If everything listed above has been done correctly then it may be one of those rare cases where the resin in the wood is causing the problem, even after the surface has been solvent-wiped. With some woods, such as oak, it is always difficult to wet out the surface and fish-eyes form readily. Note that oak is recognized as being a ‘difficult’ timber to glue. Resorcinol won’t work at all so epoxy is always the best alternative.

RE: Fisheye in varnish

Thanks for all the responses.  I need to be slapped again for what I have done.  Started out by grabbing an old chamois to wipe down the yak.  Later I used HD40 in the area to clean the table on the band saw.  AND...Just thought up a new may laugh...used an old tuna can to hold my varnish.
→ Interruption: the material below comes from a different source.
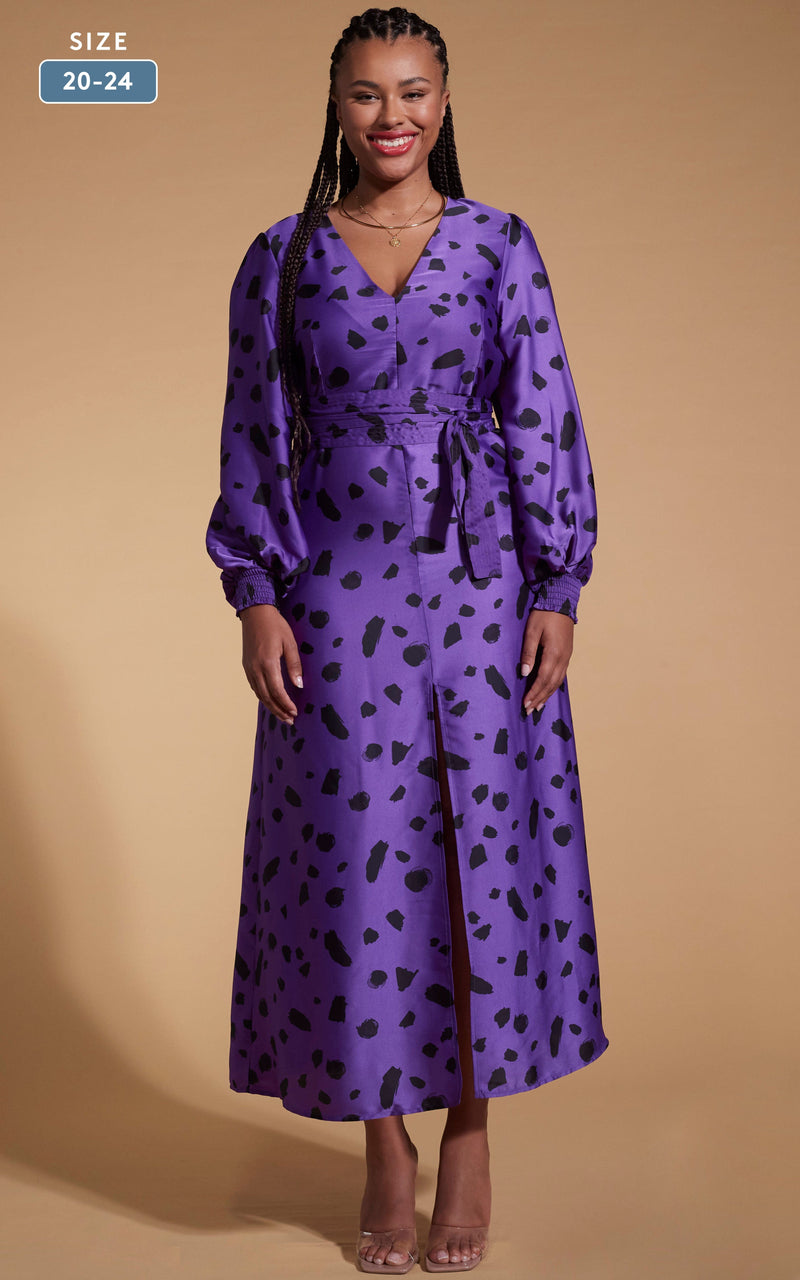 Model facing forward wearing an abstract purple Dancing Leopard dress.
I think I had to use the FE.  I resanded as much as I dared and put on at least 5 coats. 

It looks a lot better since I used the FE.  Hopefully one or two more coats and it will be done.

Thanks a bunch


RE: Fisheye in varnish

You didn't say what varnish your using but surface prep is all the same.

Soap and water will clean off blush better than sanding.

I have been getting good results with Interlux Perfection Varnish adding the 2333 thinner brushing it on the boat.

I clean the surfaces just before the next coat of varnish with a wipe of the 2333 thinner on a paper towel. I agree with using the towels not exposed to fabric softeners. I like the microfiber cloths for cleaning up after wetsanding between coats.

RE: Fisheye in varnish

Interlux Schooner varnish

RE: Fisheye in varnish

Have the last coats gone on without that?

One of the problems 1 part varnish has is the smell can last weeks instead of days on the 2 part LPU.